1/31/2008

Of love and other demons

I doubt my capacity to love. To experience the crushing and elevating sensation that is supposed to sweep me off my feet. I´ve felt it moments before crashing right back down, like the whole sweeping off my feet was just slippery moss on the sidewalk. I´m tired of relationships built on "lets see if this works". It´s like seeing the rollercoaster from the wooden seat of a trolley train that goes around the park. I can´t help but feel that I want that which I don´t have. I want the excitement. The butterflies, the assurance, the feeling deep inside that this.is.it.

I refuse to believe that I´m shackled for the rest of my life to experiencing only the middle, the safe ground, the place where nothing is lost because nothing is risked. I don´t experience this feeling for my family, for my friends, for my partners. It´s like it´s blocked out and hidden. I don´t feel passion, love or devotion for work, for ideals, for a life plan that is meant to work out. I feel comfort. I feel sedated quietness.

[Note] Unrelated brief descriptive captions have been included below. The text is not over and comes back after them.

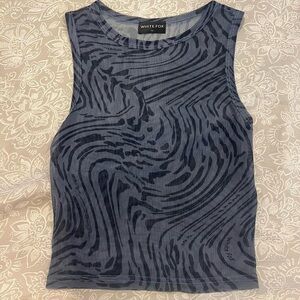 White fox mesh crop top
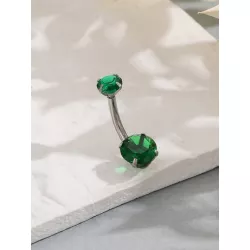 1 pieza Anillo de color de caramelo dulce de acero inoxidable micro incrustado zirconia cúbica ombligo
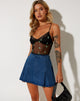 Immagine di Yenika Crop Top in nero Daisy Lime Embro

What´s wrong with me? why can´t I just give and find my passion? Yesterday I sat down and tried to imagine my future. I was in a beautiful and modern apartment, my cat curled up nearby. I had friends and social events. But no one romantically involved in my life. Funny. I imagine my future and it has me alone, going solo, cats as company. I can´t imagine anyone that would fit into that.

1/30/2008

Procrastination

I am blocked. I have an article to write, all the information is at the tips of my hands. I have videos, an interview and a great story, but I´m lacking in drive to just sit down and write. I guess that´s what writer´s block is all about.

I´ve spent my afternoon fiddling with my cell phone, reading every single feed on my reader, visiting randome websites and playing online games. At a point I just got tired of sitting in front of the screen and being unproductive so I moved to the couch, watched tv and enjoyed not doing anything.

I don´t have deadlines, and that just makes it tougher to keep myself on my toes, or to feel the pressure to finish something. I´ve spent 8 hours trying to look busy, and to feel busy and actually doing nothing.

This week I feel as if my brain has been placed on hold. I´ve been mixing up dates, hours, meetings and people. Like i´ve been wired incorrectly and things that usually aren´t that difficult are impossible to do. Last night I collapsed into bed at 8pm, woke up at 1 and was only able to fall asleep once again at 4:30 am. I can think of at least 1 dozen different solutions, but I think that i´m wanting to be in this mindless state. If I don´t think about it, maybe it won´t happen. Or maybe it will.

1/28/2008

blues

I can´t seem to shake off this lousy mood. I´m tired, and stressed and annoyed. I want to complain, and thankfully this blog gives me the chance to vent, at least a bit.

I´m tired of being moneyless... in spite of working really hard. I know it is just a matter of time. That soon I´ll be receiving monthly paychecks and at least moneywise life will be good, but this has been such a long wait, and on thursday I´ll have to see if a lawsuit will get kickstarted or if the shitty ass company I was freelancing for will decide to pay up what they owe me.

I´m also feeling like there´s so much I won´t ever get done in my life. It´s like I can´t help enough people, or start enough projects to take care of the needy. There are hungry people. There are women without sanitary napkins, there´s anorexia and bulimia, there´s lack of food, there are old people abandoned by their children, left in homes to spend christmas and holidays alone. I love sewing, knitting and crafting. I would love to read more. Anyway.

Good things are happening in my life... Good projects are going on, we´re helping people in our way with our digital literacy courses... but somehow, there´s this emptyness in my stomach that doesn´t let me sleep.

I worry about myself not having money... and I feel like a hypochrite. There are people who have none, and don´t have the chance to work

1/24/2008

I feel the world weighs on me

I don´t know if I´m just tired and haven´t slept enough, but today I feel the weight of the world on my shoulders. I think to myself that there is so much that needs to get done in the world, and I´m doing so very little. My grain of sand today feels very insignificant.